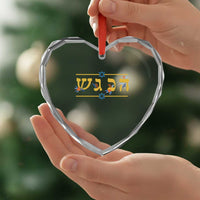 Floral Dreidel Hebrew Hanukkah Heart Crystal Glass Ornament Festival Of Lights Gift - Wonder Print Shop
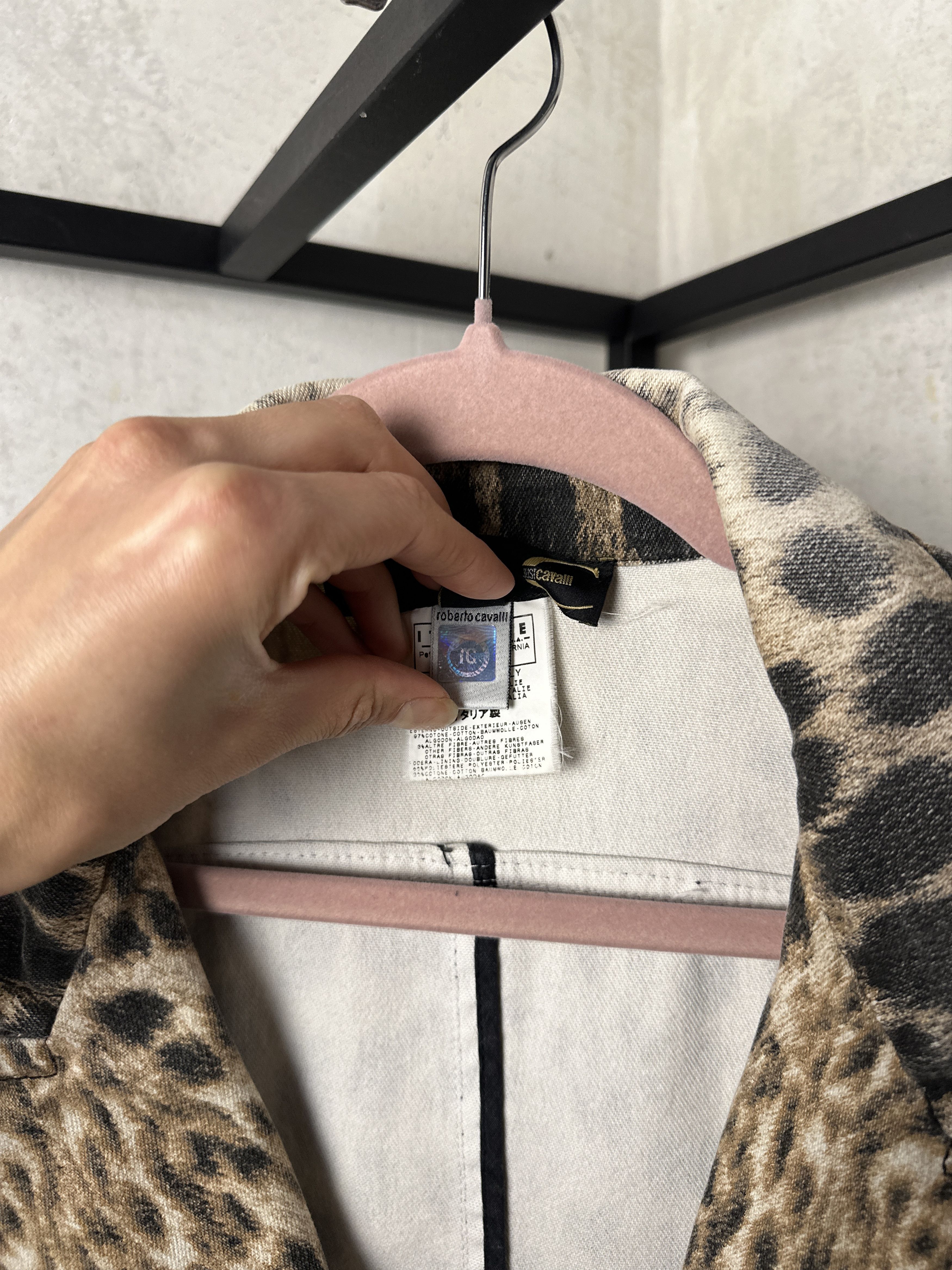 Just Cavalli Just Cavalli Designer Leopard Print Denim Jacket Size M / US 6-8 / IT 42-44 - 6 Thumbnail
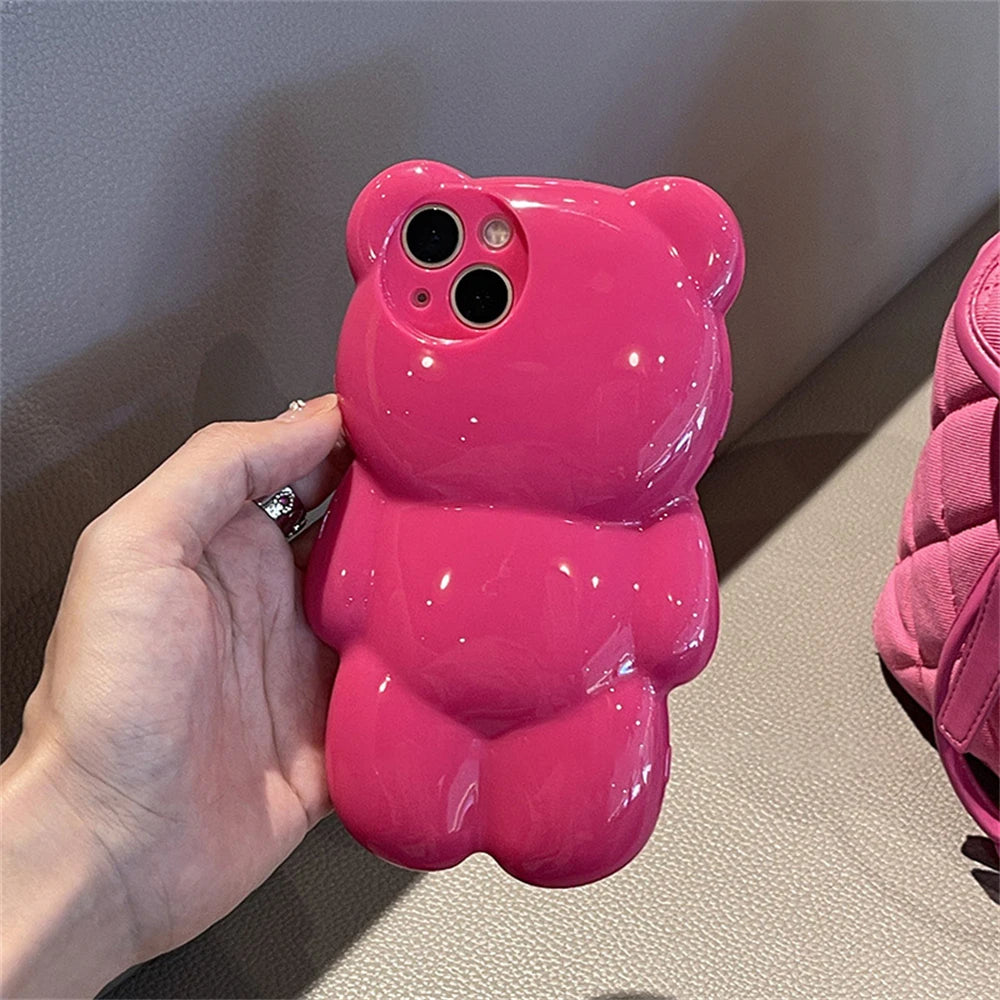 Cute 3D Cartoon Bear Pink iPhone Case
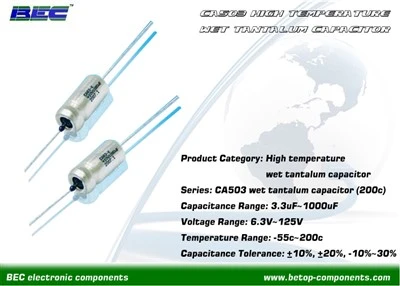 CA503 Axial Tantalum Capacitor dalam 200 darjah c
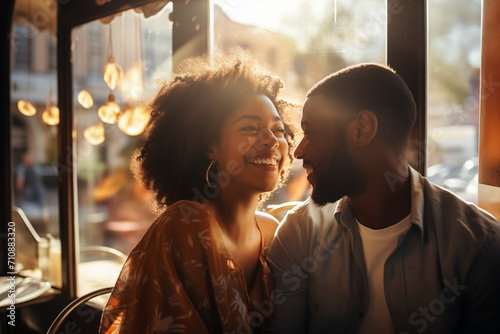 Happy black couple sitting together in a cafe, happy people in love photo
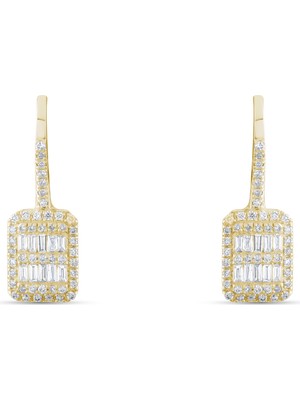 Lial Diamond 0.29 Karat Baget Pırlanta Küpe ,doğal Pırlanta, Sertifikalı Mücevher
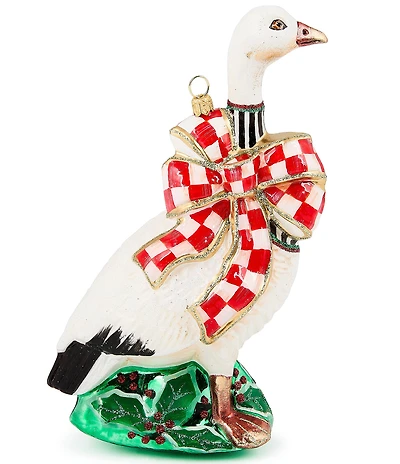 MacKenzie-Childs Holiday Collection Check It Out Goose Glass Ornament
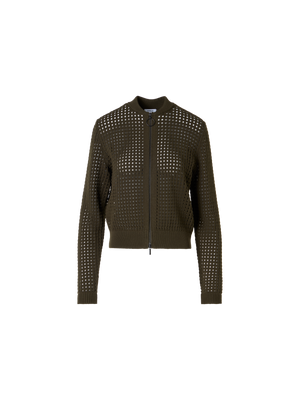 Designer Long-Sleeve Chunky Cotton Mesh Knit Cardigan - green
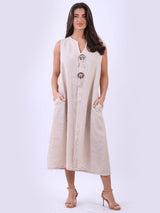 Plus Size Linen Lagenlook Slouchy Midi Sleeveless Dress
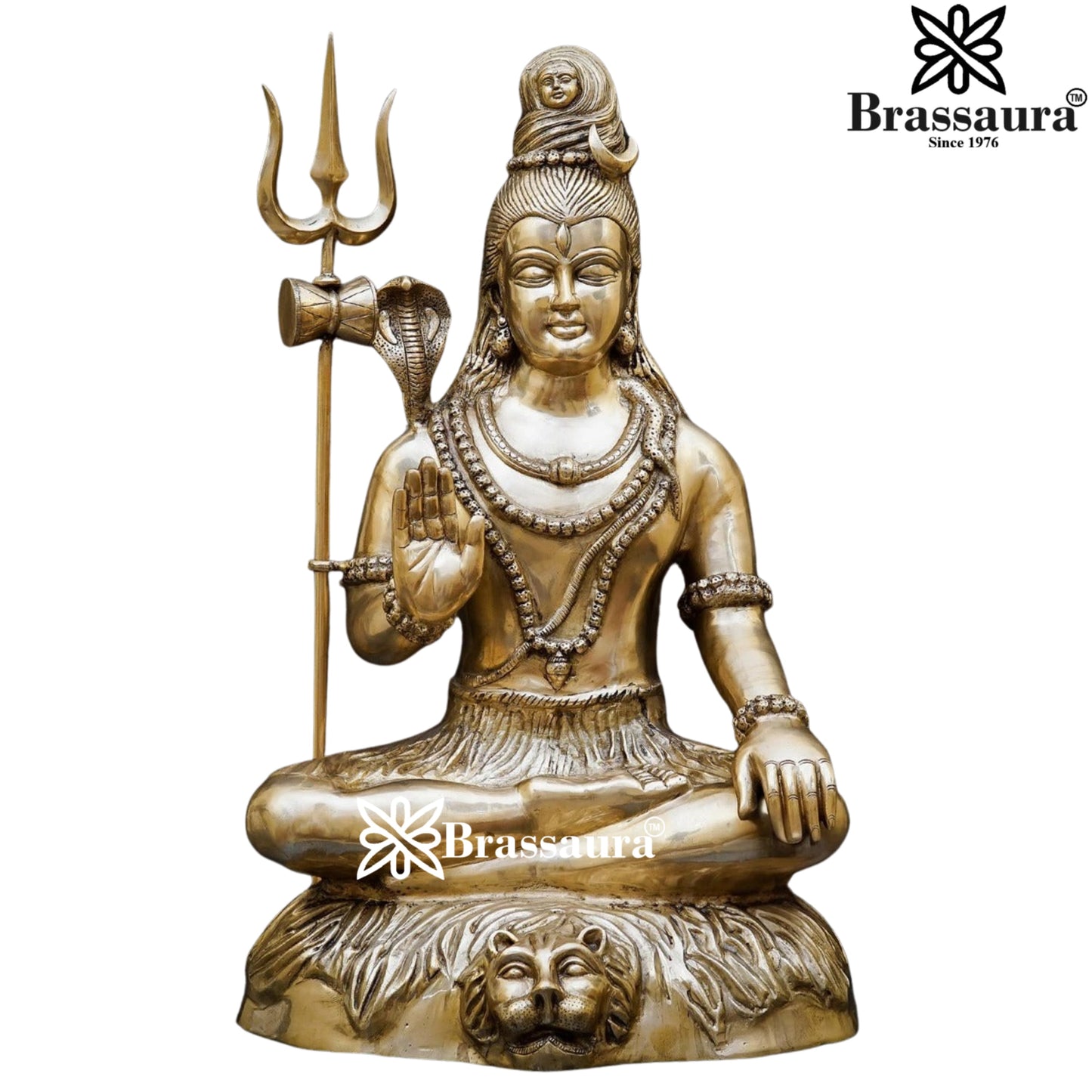 Brassaura™ Classic Brass Shiva Murti – Height 34 & Weight 35 Kgs | Sacred Idol for Temple & Home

What you are asked to do » Each line from the beginning of the entries up to and including the one containing "Happy black couple" must be restated exactly. Pictures are to be left out.

Output below »
 Floral Dreidel Hebrew Hanukkah Heart Crystal Glass Ornament Festival Of Lights Gift - Wonder Print Shop
 Just Cavalli Just Cavalli Designer Leopard Print Denim Jacket Size M / US 6-8 / IT 42-44 - 6 Thumbnail
 Cute 3D Cartoon Bear Pink iPhone Case
 CA503 Axial Tantalum Capacitor dalam 200 darjah c
 Happy black couple sitting together in a cafe, happy people in love photo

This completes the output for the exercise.